[[ Records for this exercise, beginning ]]

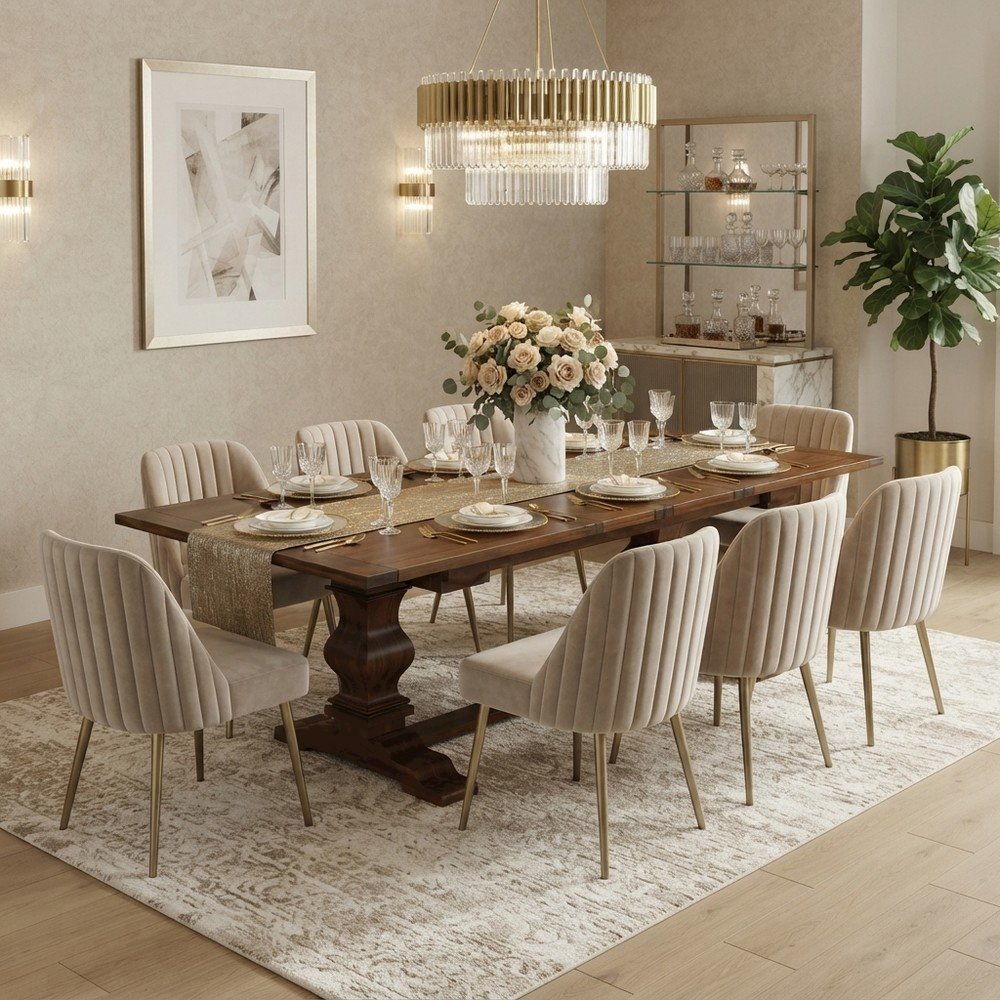 Extendable Dining Table with Removable Leaf and Double Pedestal, Walnut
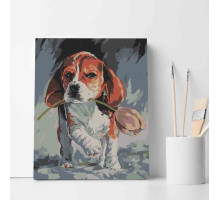 Set pictură pe numere 40*50 "Cățelușul cu laleaua" 3426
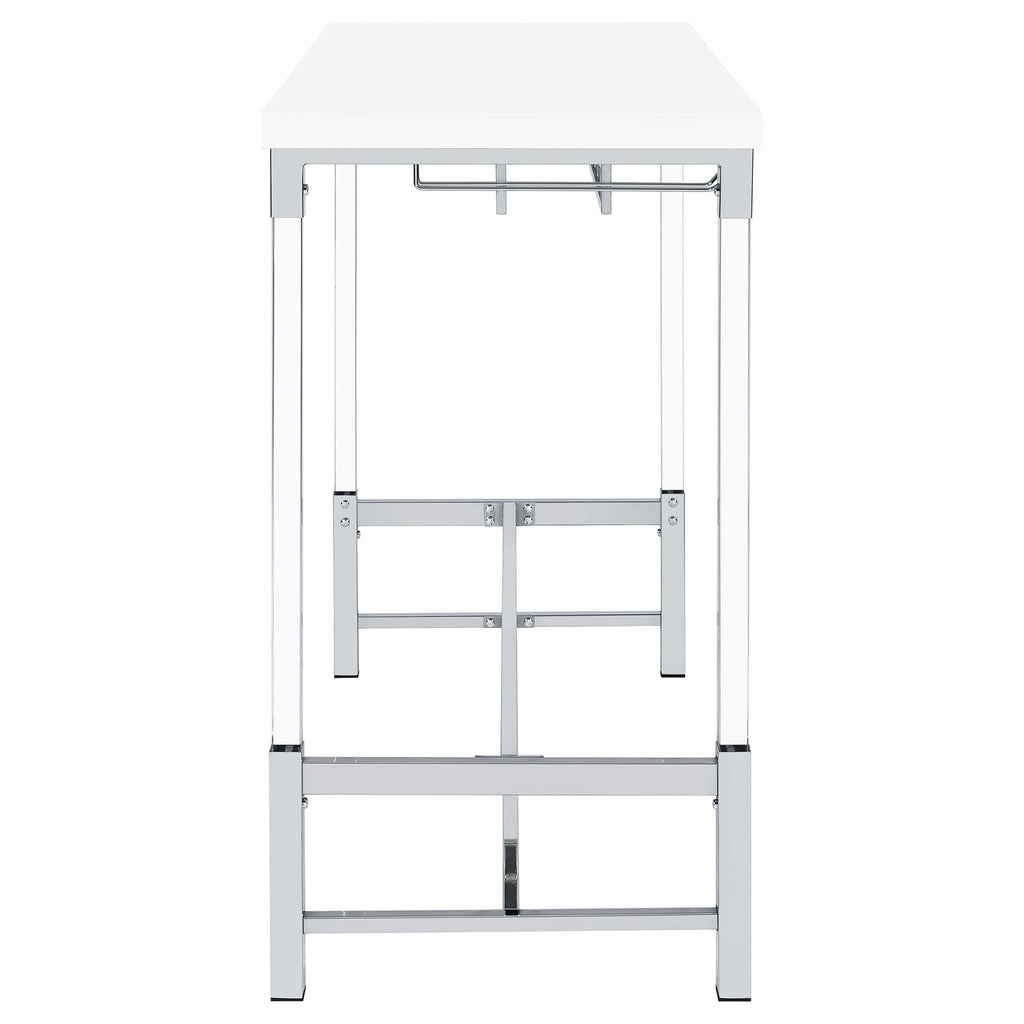 Tonneson - Bar Table With Trestle Base And Wine Storage - White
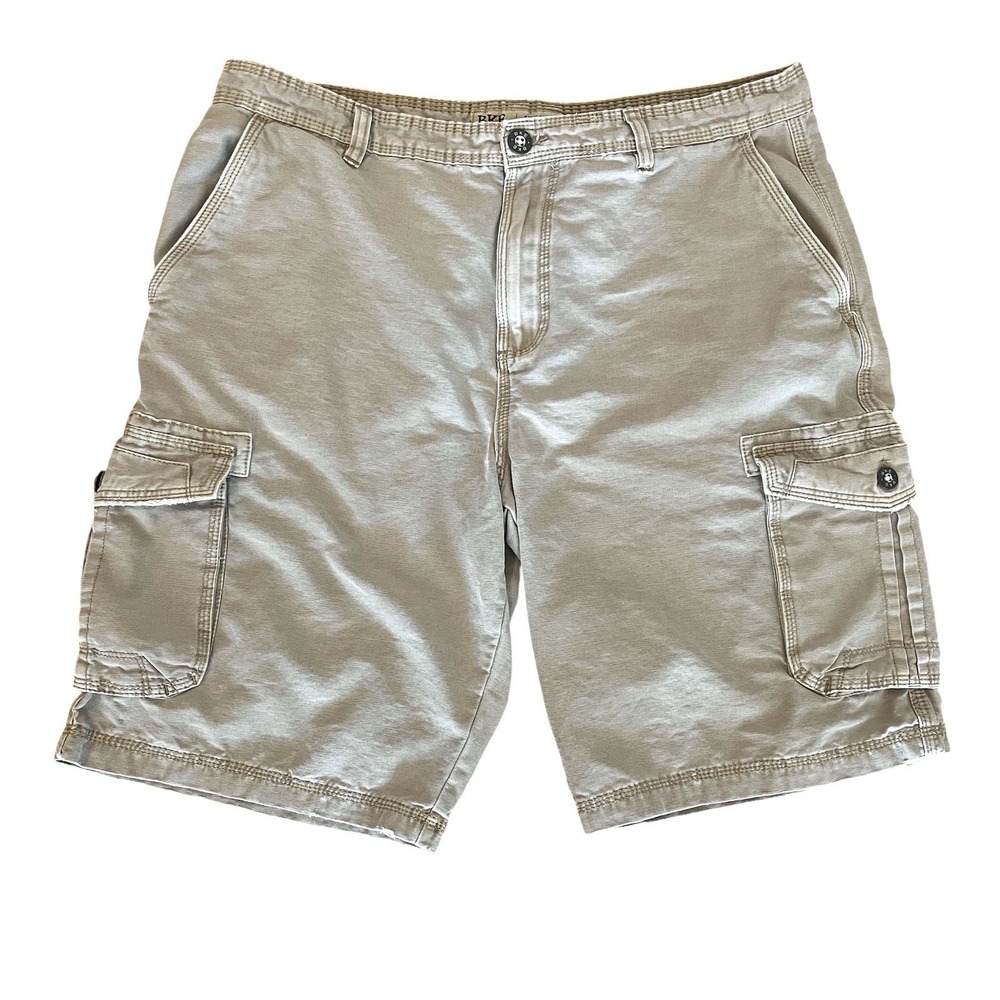 BKE Buckle Warren Cargo Shorts Mens 36x12 Beige Cotton Athletic Fit Rugged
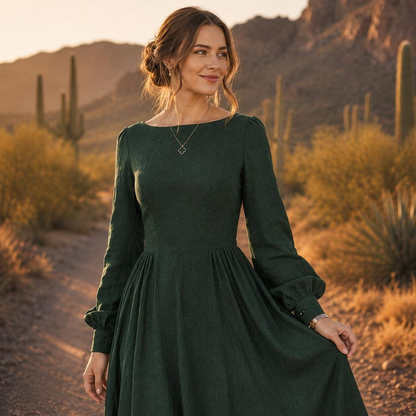 Women's Long Sleeve Linen Maxi Dress Women’s Long Sleeve Linen Maxi Dress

[[ Records for this exercise, end ]]

Instructions for the task:
Keep pictures out and return the lines from the one containing "BKE Buckle Warren" through the end of the listing, both included, character for character.

Solution:
 BKE Buckle Warren Cargo Shorts Mens 36x12 Beige Cotton Athletic Fit Rugged
 Women's Long Sleeve Linen Maxi Dress Women’s Long Sleeve Linen Maxi Dress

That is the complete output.